-- EXCERPTED RECORDS follows --

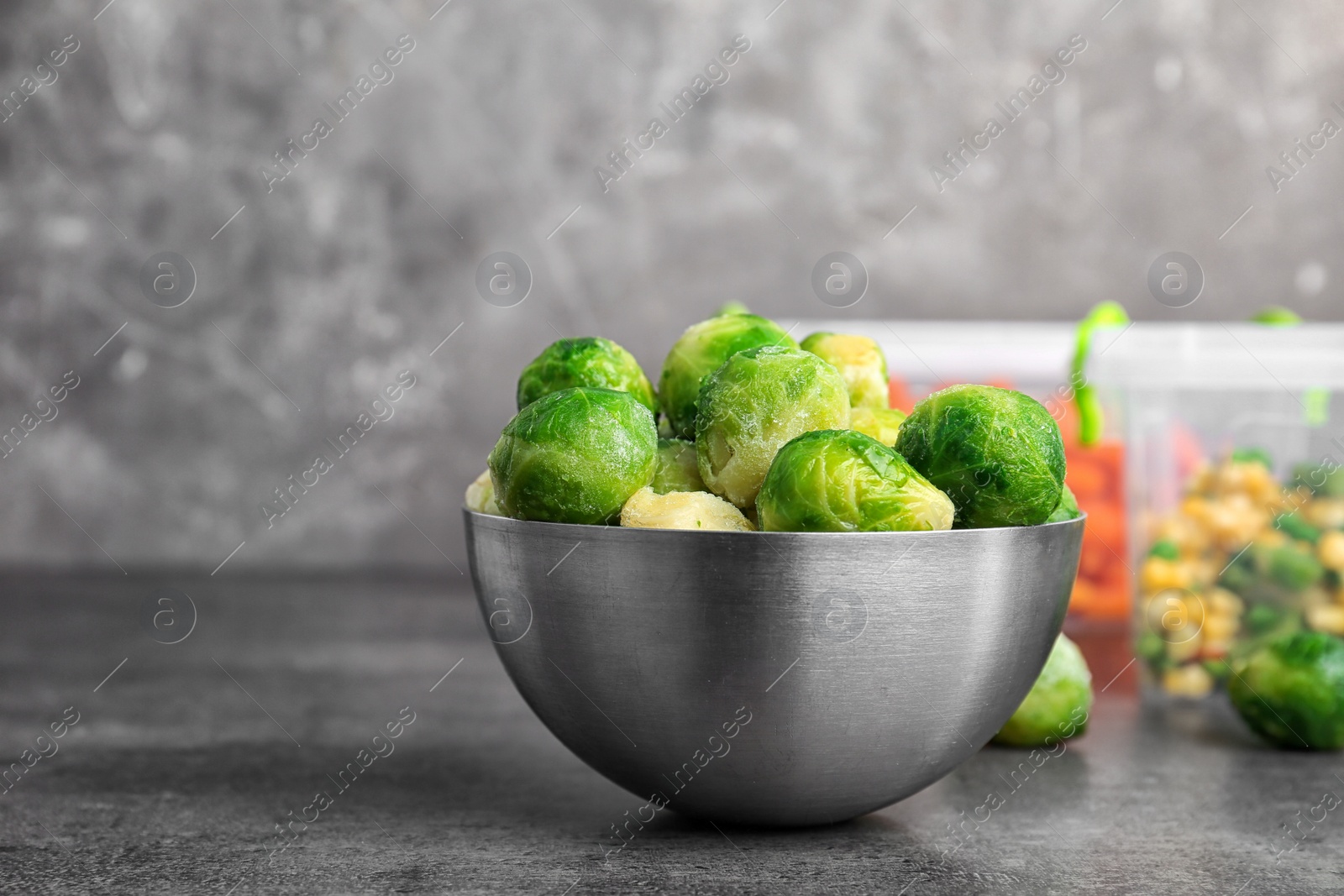 Photo of Bowl with frozen Brussel sprouts on table. Vegetable preservation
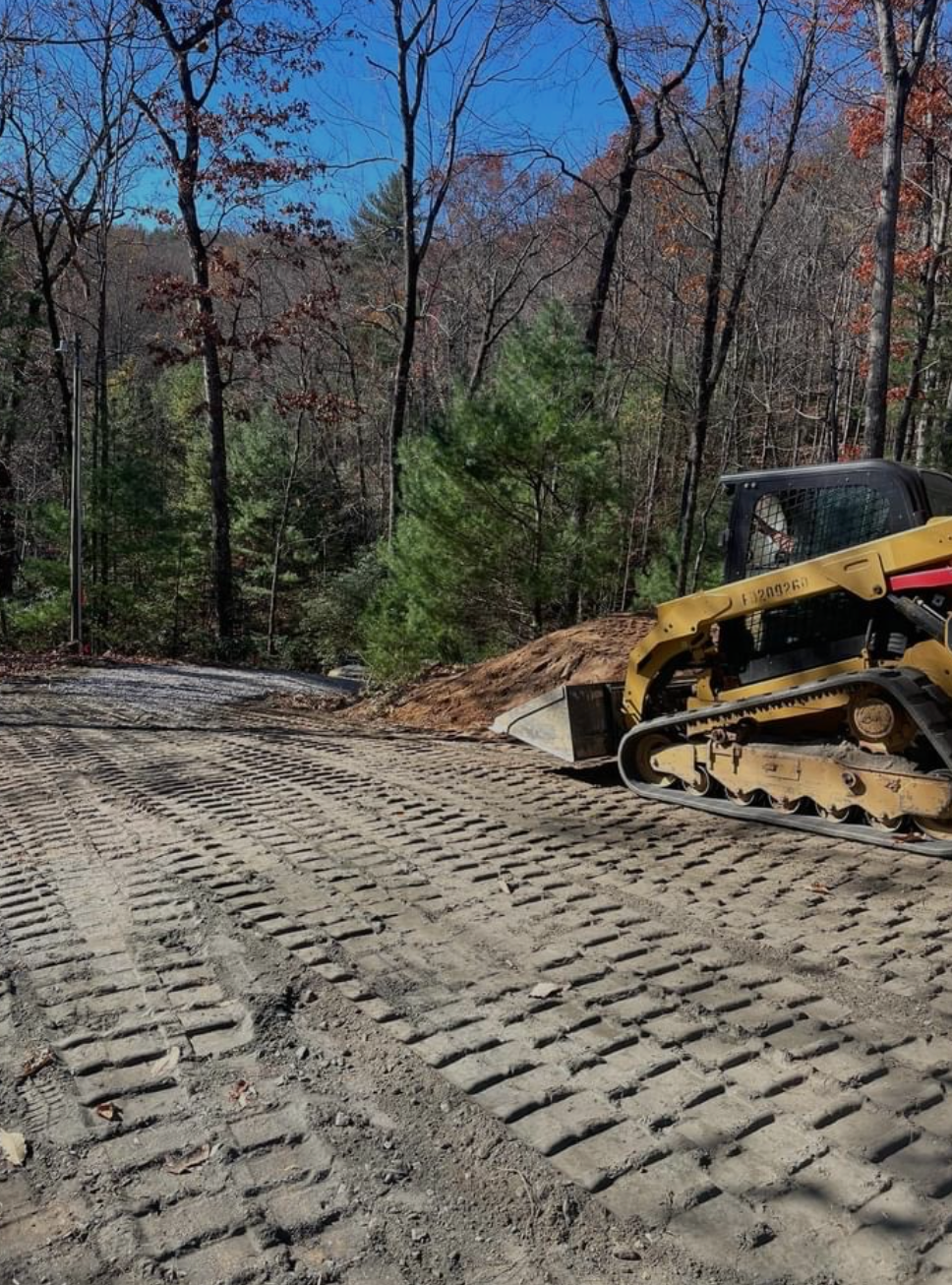 A bulldozer is driving down a dirt road in the woods.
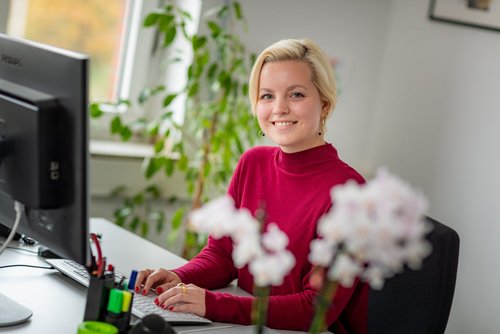 Mitarbeiterin sitzt am Schreibtisch vor einem Computer.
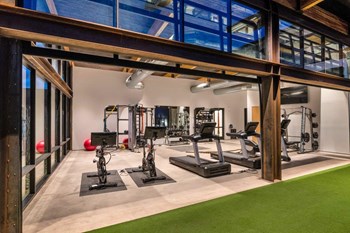 Cardio Studio Equipment Cardio Studio Equipment at The Premiere at Eastmark Apartments, Mesa, Arizona - Photo Gallery 4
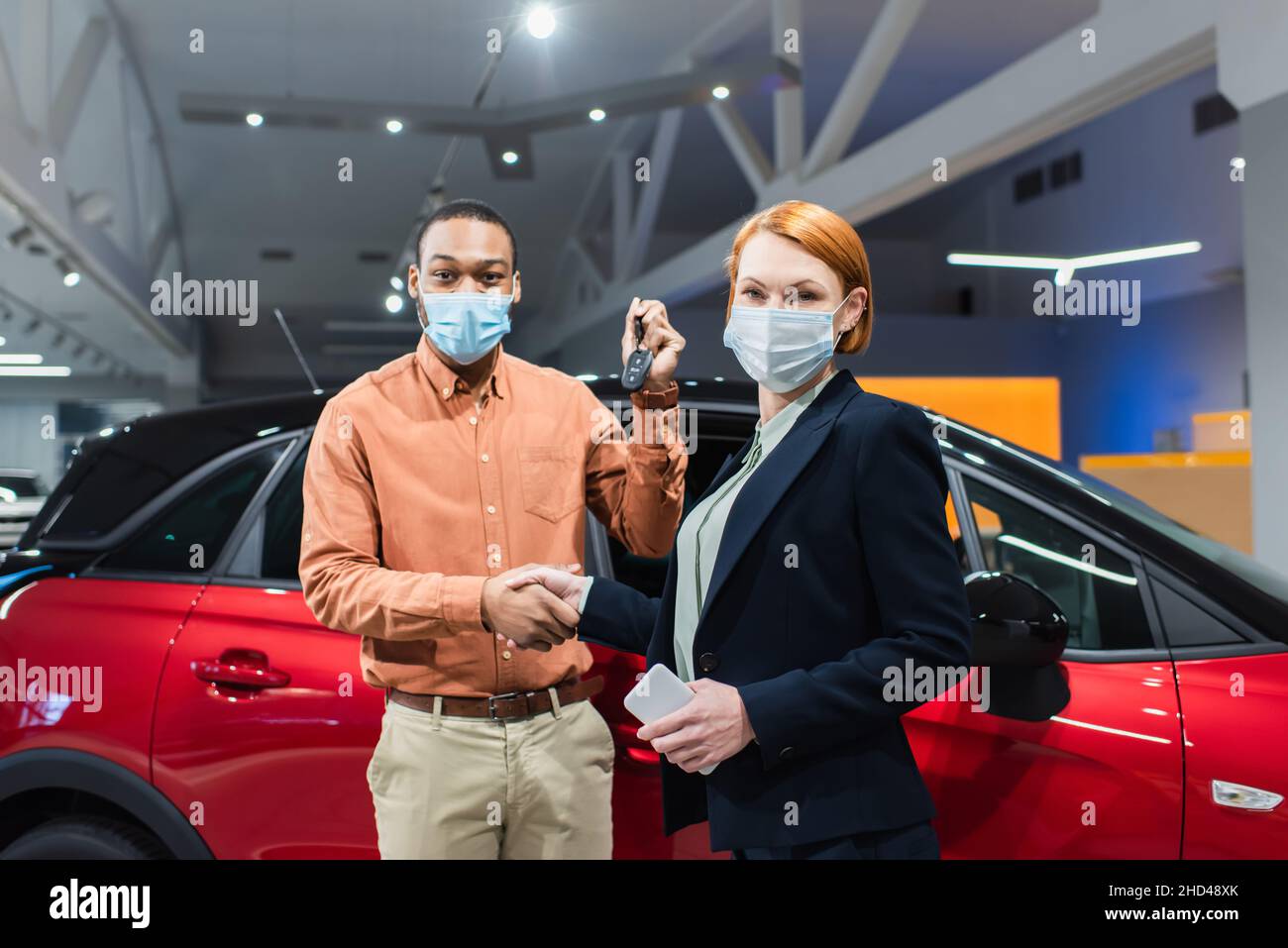 Autohändler und afroamerikanischer Kunde in medizinischen Masken, die sich beim Betrachen der Kamera die Hände schütteln Stockfoto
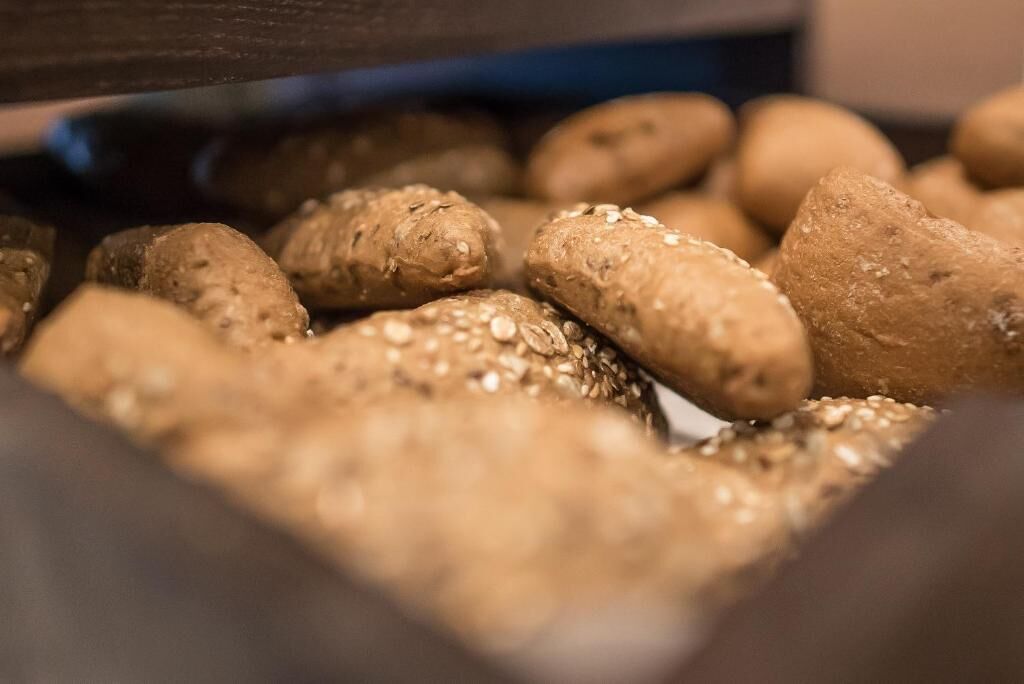 A close-up of sesame and poppy seeds on bread.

-- EXCERPTED RECORDS concluded --

(TASK DESCRIPTION): Write out each entry again exactly, and skip the pictures.

(ANSWER AREA):
 Photo of Bowl with frozen Brussel sprouts on table. Vegetable preservation
 A bulldozer is driving down a dirt road in the woods.
 Mitarbeiterin sitzt am Schreibtisch vor einem Computer.
 Cardio Studio Equipment Cardio Studio Equipment at The Premiere at Eastmark Apartments, Mesa, Arizona - Photo Gallery 4
 Autohändler und afroamerikanischer Kunde in medizinischen Masken, die sich beim Betrachen der Kamera die Hände schütteln Stockfoto
 A close-up of sesame and poppy seeds on bread.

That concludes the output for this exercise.